» **What you need to do**
Below are some records. Write out exactly their lines from the one with "Storm Inn chapter 8 page 6" through the one with "Philips SHK2000PK dječje slušalice, roza", and leave the pictures behind.

» **Material provided**
▬▬▬▬▬▬

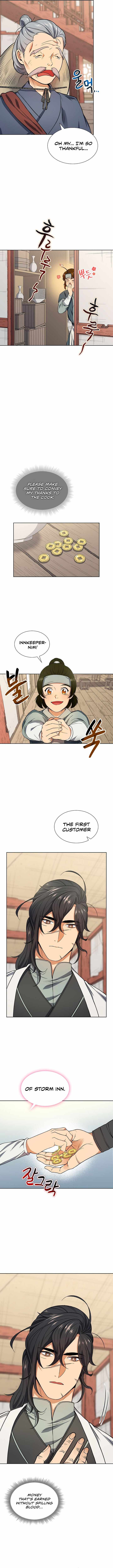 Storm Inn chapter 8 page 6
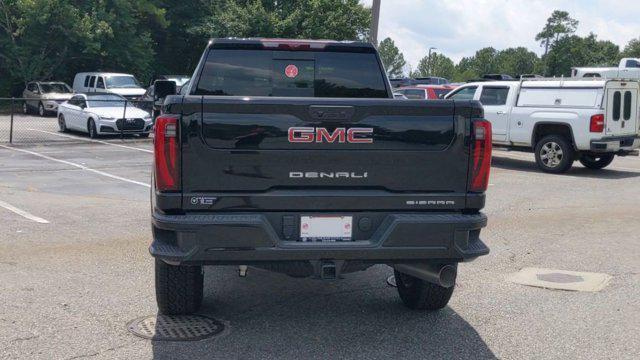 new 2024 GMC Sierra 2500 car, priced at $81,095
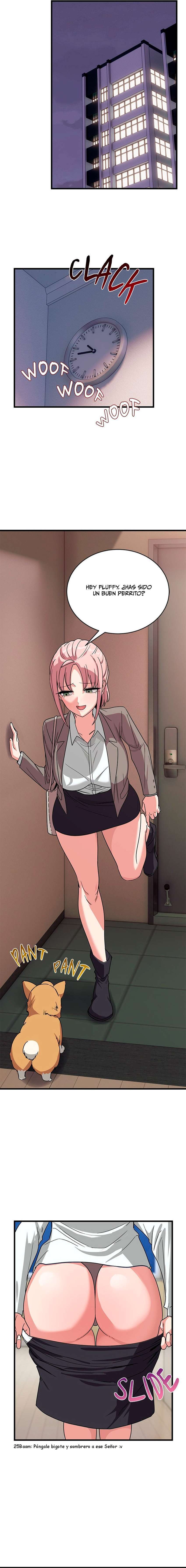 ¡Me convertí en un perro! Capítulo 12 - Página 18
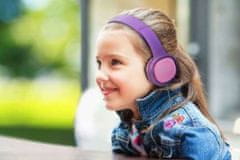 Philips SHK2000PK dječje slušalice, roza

▬▬▬▬▬▬

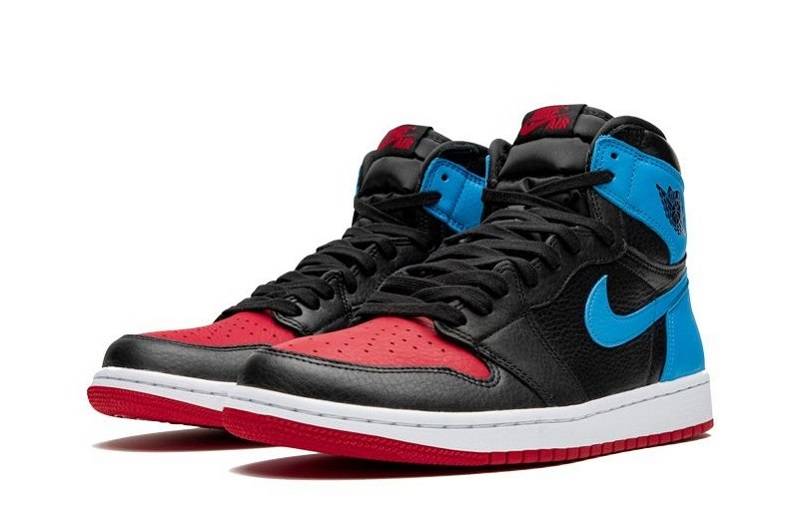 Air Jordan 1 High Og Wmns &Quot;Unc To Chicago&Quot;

▬▬▬▬▬▬

» **Completed task**
 Storm Inn chapter 8 page 6
 new 2024 GMC Sierra 2500 car, priced at $81,095
 ¡Me convertí en un perro! Capítulo 12 - Página 18
 Philips SHK2000PK dječje slušalice, roza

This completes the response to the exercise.